Goal of the exercise >>
Every line below needs to be printed again exactly, without any of its pictures.

Recorded data >>
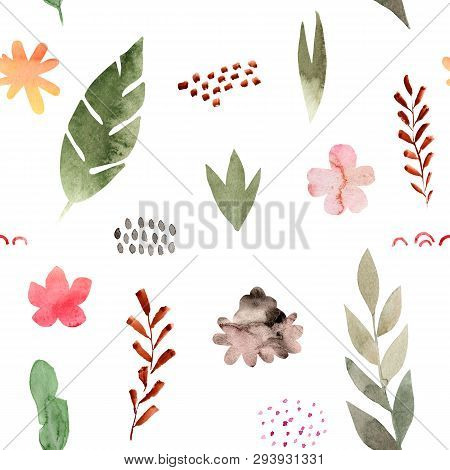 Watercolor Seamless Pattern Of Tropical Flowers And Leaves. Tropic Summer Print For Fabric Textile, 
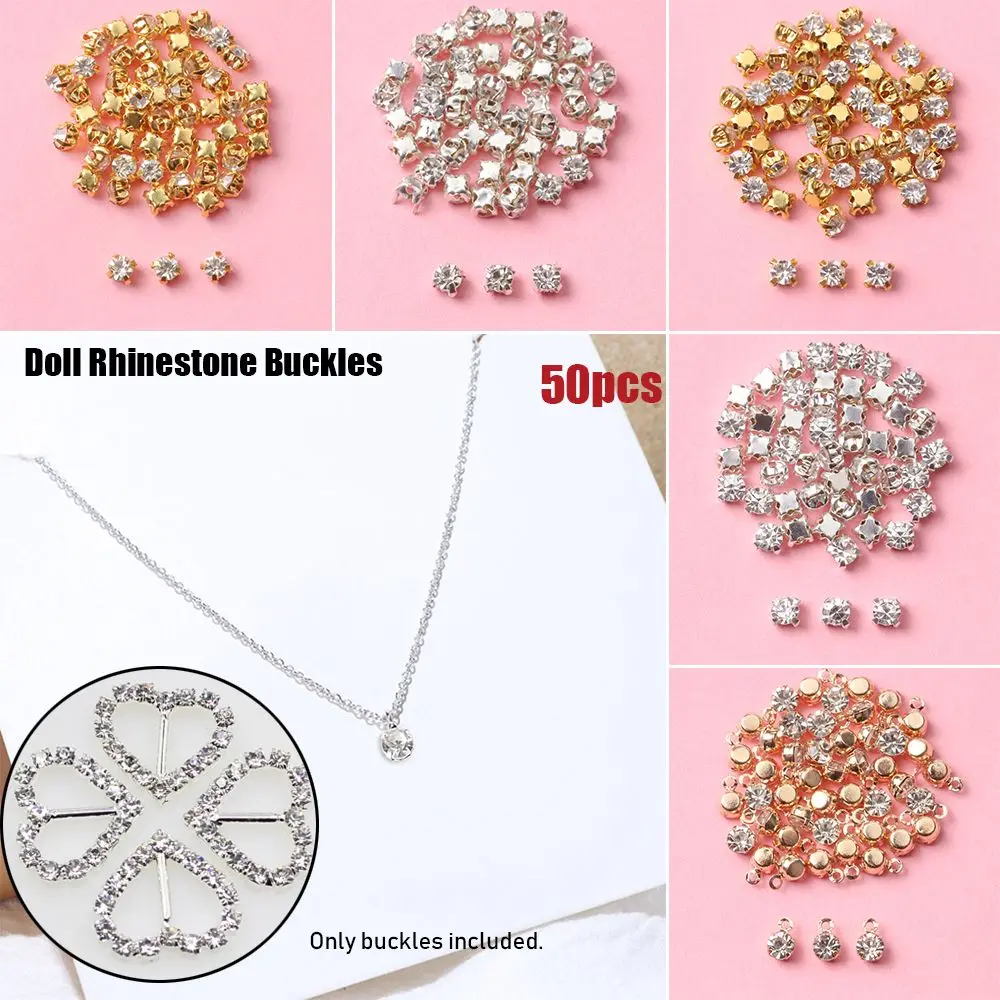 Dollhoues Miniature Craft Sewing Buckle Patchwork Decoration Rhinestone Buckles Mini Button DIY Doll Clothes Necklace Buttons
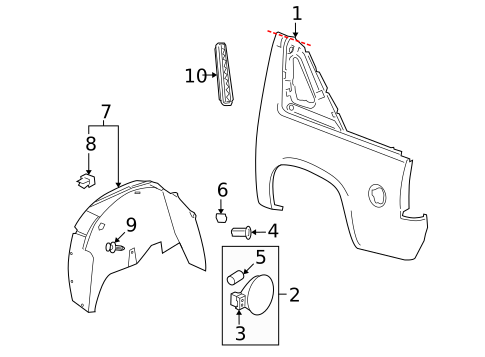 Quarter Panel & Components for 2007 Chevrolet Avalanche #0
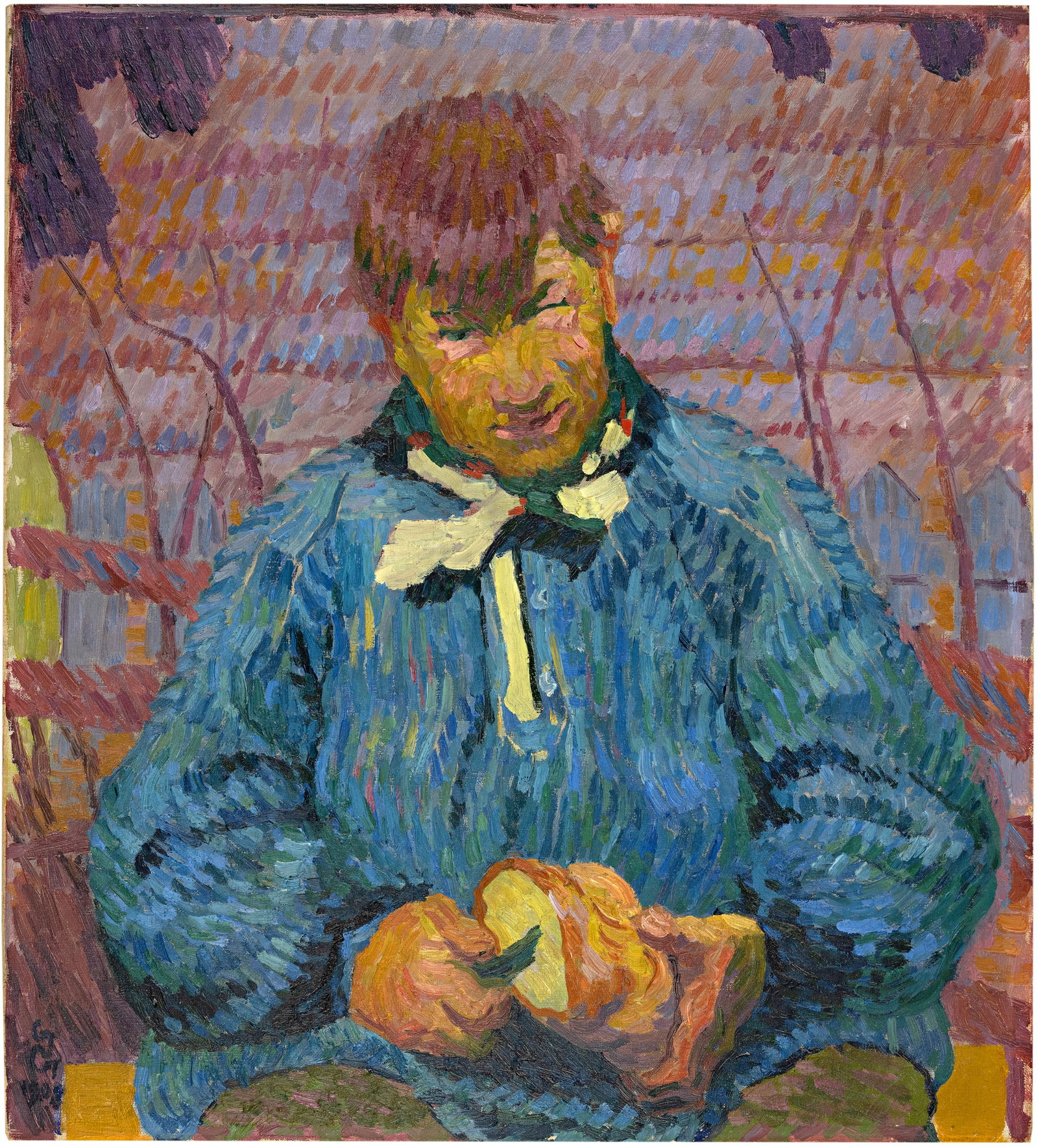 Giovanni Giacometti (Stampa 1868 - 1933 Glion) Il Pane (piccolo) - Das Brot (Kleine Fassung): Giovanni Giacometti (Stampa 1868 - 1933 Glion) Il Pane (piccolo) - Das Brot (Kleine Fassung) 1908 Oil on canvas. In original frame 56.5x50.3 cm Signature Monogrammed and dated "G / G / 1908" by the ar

Result of the exercise >>
 Watercolor Seamless Pattern Of Tropical Flowers And Leaves. Tropic Summer Print For Fabric Textile, 
 Dollhoues Miniature Craft Sewing Buckle Patchwork Decoration Rhinestone Buckles Mini Button DIY Doll Clothes Necklace Buttons
 Quarter Panel & Components for 2007 Chevrolet Avalanche #0
 Giovanni Giacometti (Stampa 1868 - 1933 Glion) Il Pane (piccolo) - Das Brot (Kleine Fassung): Giovanni Giacometti (Stampa 1868 - 1933 Glion) Il Pane (piccolo) - Das Brot (Kleine Fassung) 1908 Oil on canvas. In original frame 56.5x50.3 cm Signature Monogrammed and dated "G / G / 1908" by the ar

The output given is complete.